Artist: STOiK

Distributed By: STOiK

Reviewed by Melissa Minners

               Earlier this month, I got a message from good friend and talented musician and producer, Marc Meriläinen.  He wondered if I would be interested in checking out some indigenous electronic pop from the Canadian artist STOiK.  I love listening to new types of music and trust Marc as knowing talent when he hears it.  I couldn’t wait to check out STOiK’s debut album, Pareidolia.

               Reading STOiK’s biography is quite interesting.  According to their website and Facebook page, STOiK lives in the future – 2042, to be exact.  It is in this time that the Earth becomes uninhabitable and humans are forced to leave.  Those that refuse, most of whom are Indigenous, move underground and their descendants survive through the use of ancient knowledge and practice.  STOiK is a group of Indigenous artists and warriors who live in this future.  Led by Gidochige, which translates to “He plays music” in Anishinaabemowin, the group performs Indigenous EDM with hints of Pow Wow Techno. 

               Before I write the rest of this review, I should give you a little background regarding my introduction to indigenous music.  For two years in elementary school, I had a teacher named Mrs. Ruth Levine who was very much into the arts and history.  While other classrooms were being taught what wonderful things our country did for the Native Americans, we were being taught the truth, inspired to read more about what people coming to this country did to those who were indigenous to the land.  She took us to the Museum of Natural History Native American exhibits, introduced us to artwork like sand painting, Navajo weaving and more.  Most importantly to this article, she introduced us to the music of Native Americans.  I have been a student ever since, absorbing all I can.

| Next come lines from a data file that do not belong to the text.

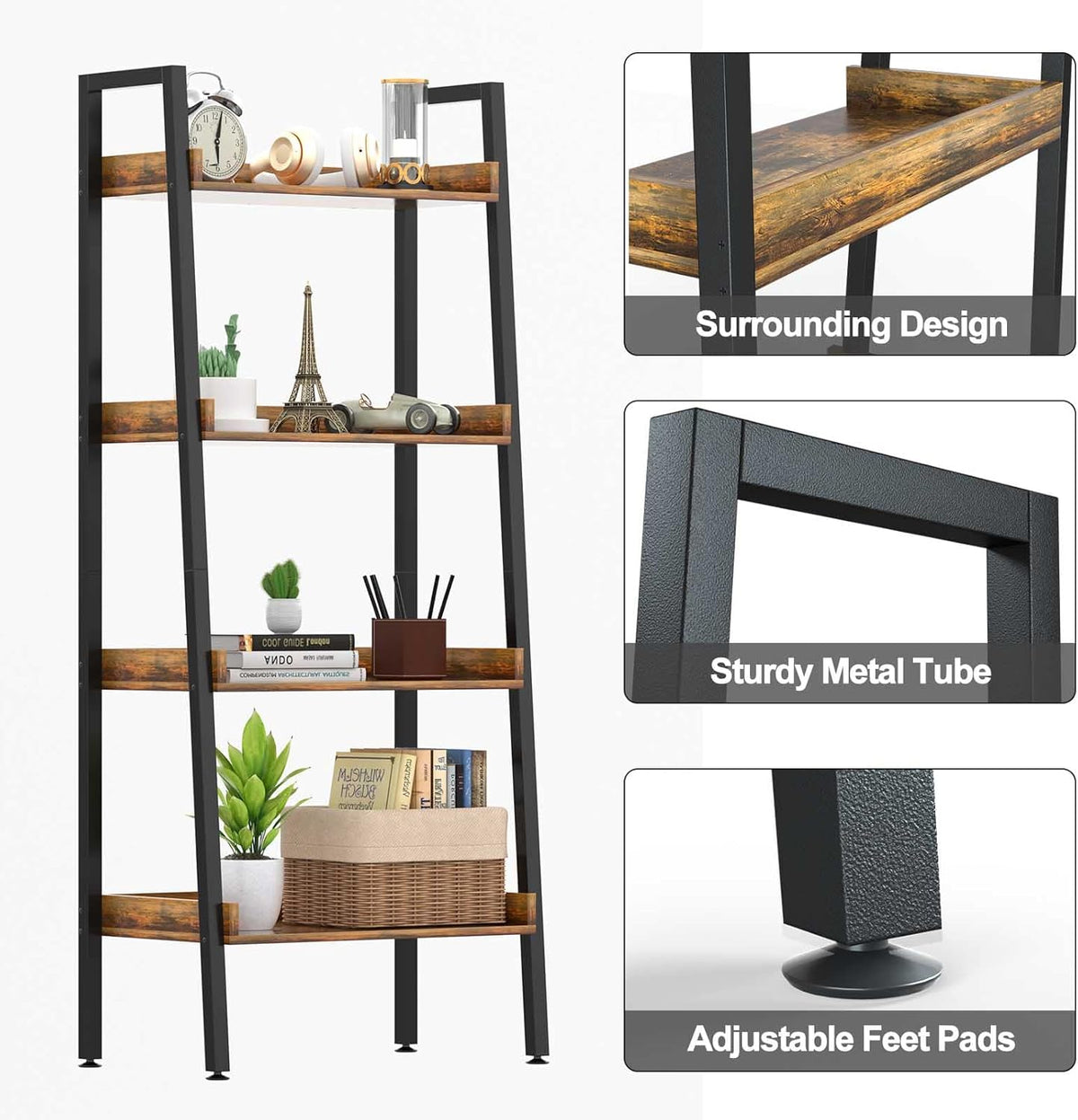 Adjustable Wood and Metal Bookshelf C981342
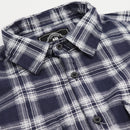 Men's 100% Cotton Flannelette Shirt Long Sleeve Plaid Check Flannel w Pockets, Midnight Navy Plaid, XL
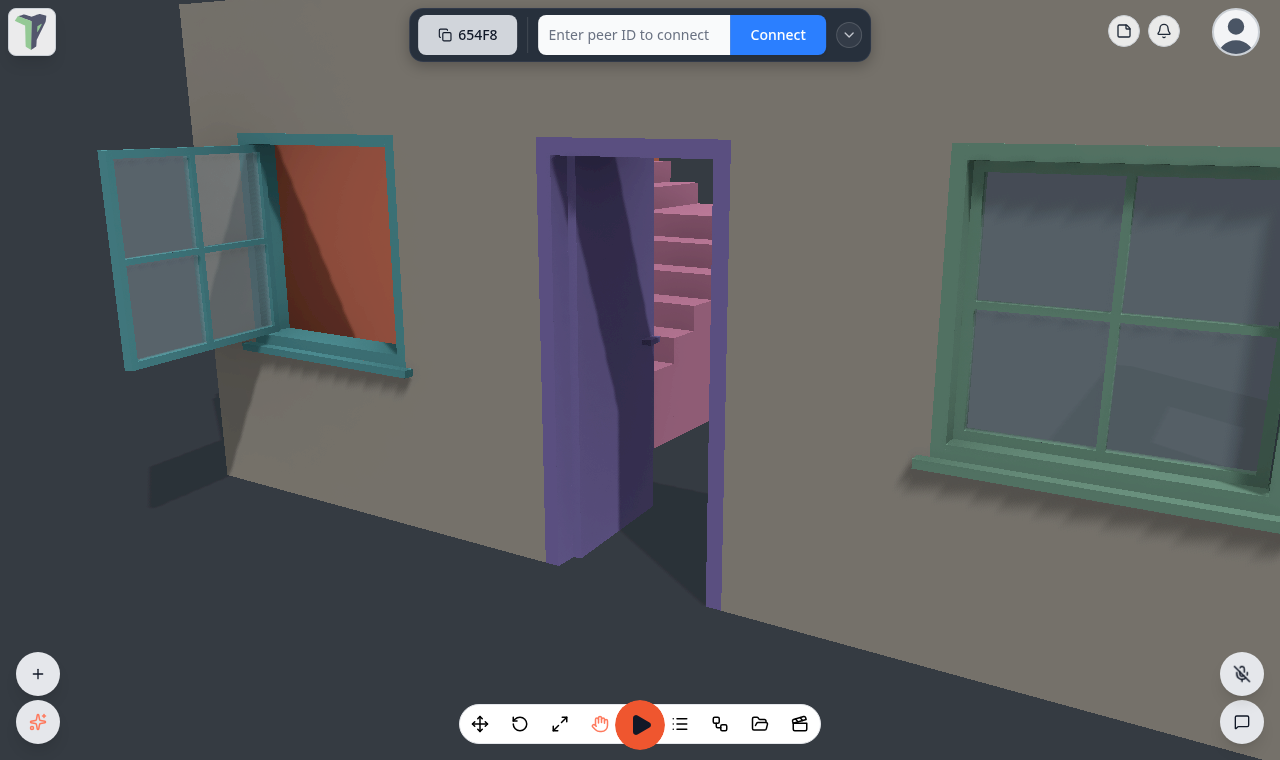 A door and a casement window open in Interact, with stairs visible through the doorway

               As an adult, I crave more of the arts, focusing more on the music that inspired me so greatly as a kid and how that music has evolved.  Thanks to Marc Meriläinen, I have met a number of artists in the Canadian music scene and have always enjoyed the music he has pointed me towards.  STOiK’s brand of music is a tad different from some of the stuff I have been listening to, though Alissa Skorik’s stuff did contain some bits of techno in there.  From the first track of STOiK’s Pareidolia, I was hooked.  The album contains a mix of instrumental and lyrical tracks beginning with Earth Abides.  That first track is instrumental, mixing techno sound, indigenous beats and the singing I remember so well from the music my teacher introduced me to as well as from Pow Wows I have actually been lucky enough to attend over the years.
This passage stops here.